Recorded information:
Content starts

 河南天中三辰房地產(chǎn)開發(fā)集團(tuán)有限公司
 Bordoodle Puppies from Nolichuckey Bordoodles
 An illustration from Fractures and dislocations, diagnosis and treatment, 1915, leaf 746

Content ends
Content starts

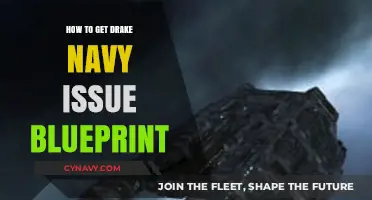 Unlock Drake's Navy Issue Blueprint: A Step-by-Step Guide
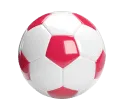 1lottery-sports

Content ends
Content starts

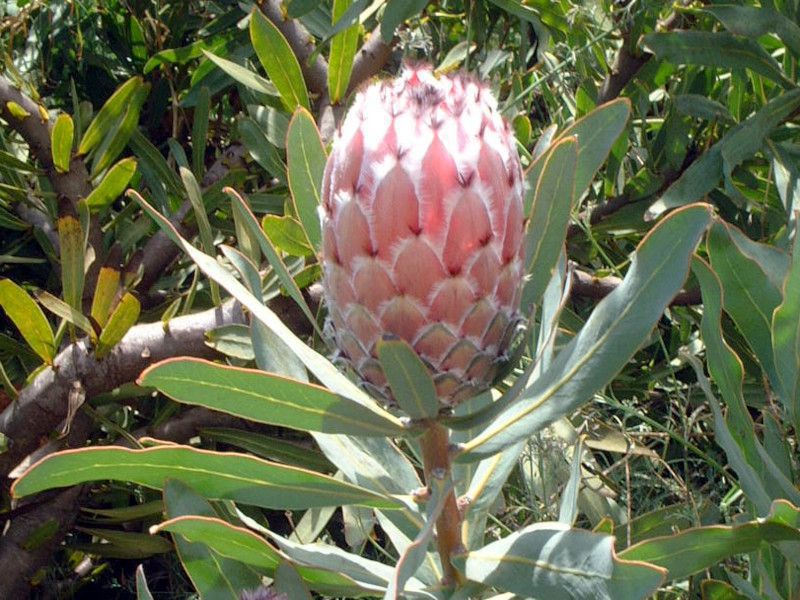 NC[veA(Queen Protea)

Content ends

For the records above, state how many lines contain the word "from". Give only the number.

2